Grassley is currently running a television ad titled "He Wrote The Bill," where he touts the 2003 Medicare bill which he said "beat the drug companies." A so-called donut hole was created in Medicare Part D, by creating a benefit the government did not provide any funding for. The health care reform legislation, the Affordable Care Act, addressed the donut hole.

Conlin said Grassley sent out an email while he was still part of the "Gang of Six," a group of Senators charged with writing part of a health care reform bill, ensuring that he would not vote for "Obamacare."

During the joint appearance on IPTV's "Iowa Press," Grassley said he would support the repeal of the Affordable Care Act, since he did not vote for it, specifically the health insurance mandate.
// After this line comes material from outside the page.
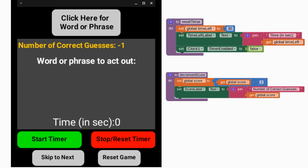Once you are sure both procedures are working correctly, it's time to move on to the next activity where we'll learn how to create a word phrase list. This will allow us to advance to a new word or phrase anytime the click here for word phrase button is selected.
Conlin fought back that his name was on a bill in 1993 to require mandatory coverage.

Conlin also addressed the accusations from the Grassley campaign that she and her husband received a generous amount of federal money for an apartment building she and her husband own.

"She ought to repay that money immediately, especially when she complains that the biggest reason for running is because she was mad at Washington for bailing out businesses," said Grassley spokesman Eric Woolson in a statement Tuesday. "She couldn't be more hypocritical because she's the recipient of a $1.28 million bailout that went right into her pocket. No wonder she supported the stimulus program; she personally profited from it and she cannot point to a single job being created due to the taxpayer funding of her purchase of an apartment complex from herself."

Conlin said the money went to help create low-priced housing for nearly 2,000 people and provided 2,300 jobs in the process of building the apartments.

"I want to be sure everyone understands that money is what we used to build these apartment buildings," Conlin said. "It doesn't come to us, it goes into the buildings. It's a way of financing property that's rented to people at below market level that could not otherwise be built."

Conlin played a video of Grassley defending why he participated in the farm program, receiving subsidies for a farm he runs with his son, where he tells a caller "If you're trying to make a case that I've lived off the public tit all these years, I think you're saying correct in the years I've been in the Congress but not the years before I came to Congress."

Grassley's campaign did not reply Sunday afternoon to an email requesting a response.

It turns out Grassley was in California taping a segment with Sen. Mary Landrieu (D-La.) about adoption for Dr. Phil's television show.